Organizational behavior is an applied behavioral science that is built on contributions from a number of behavioral disciplines. The predominant areas are psychology, sociology, social psychology, anthropology, and political science. Psychology’s contributions have been mainly at the individual or micro level of analysis, while the other four disciplines have contributed to our understanding of macro concepts such as group processes and organization.
Psychology is the science that seeks to measure, explain, and sometimes change the behavior of humans and other animals. Psychologists concern themselves with studying and attempting to understand individual behavior. Those who have contributed and continue to add to the knowledge of OB are learning theorists, personality theorists, counseling psychologists, and, most important, industrial and organizational psychologists.
Early, industrial/organizational psychologists concerned themselves with the problems of fatigue, boredom, and other factors relevant to working conditions that could impede efficient work performance. More recently, their contributions have been expanded to include learning, perception, personality, emotions, training, leadership effectiveness, needs and motivational forces, job satisfaction, decision-making processes, performance appraisals, attitude measurement, employee selection techniques, work design, and job stress.
While psychology focuses on the individual, sociology studies people in relation to their fellow human beings.

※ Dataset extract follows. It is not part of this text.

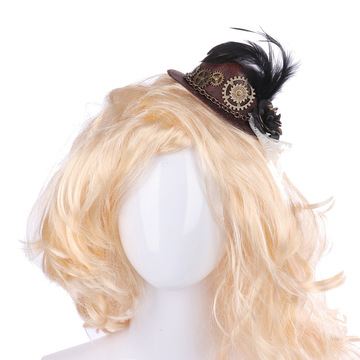 Music festival carnival festival goth punk style gear feather mini hat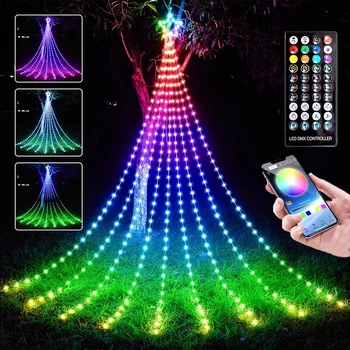 304LED חכמה עץ חג המולד מחרוזת אור עם כוכב טופר 2.8 מ ' Dreamcolor בקרת יישום מפל פיית אור מחרוזת גרלנד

Specifically, sociologists have made their greatest contribution to OB through their study of group behavior in organizations, particularly formal and complex organizations. Some of the areas within OB that have received valuable input from sociologists are group dynamics, design of work teams, organizational culture, formal organization theory and structure, organizational technology, communications, power, and conflict.
Social psychology blends concepts from both psychology and sociology. It focuses on the influence of the people on one another. One of the major areas under considerable investigation by social psychologists has been change—- how to implement it and how to reduce barriers to its acceptance. In addition, we find social psychologists making significant contributions in the areas of measuring , understanding, and changing attitudes; communication patterns; building trust; the way in which group activities can satisfy individual needs; and group decision-making process.
Anthropology is the study of societies to learn about human beings and their activities. For instance, anthropologists’ work on cultures and environments has helped us understand differences in fundamental values, attitudes, and behavior between people in different countries and within different organizations. Much of our current understanding of organizational culture, organizational environments, and differences between national cultures is the result of the work of anthropologists or those using their methods.
Although frequently overlooked, the contributions of political scientists are significantly to the understanding of behavior in organizations. Political science studies the behavior of individuals and groups within a political environment. Specific topics of concern here include the structuring of conflict, allocation of power, and how people manipulate power for individual self-interest.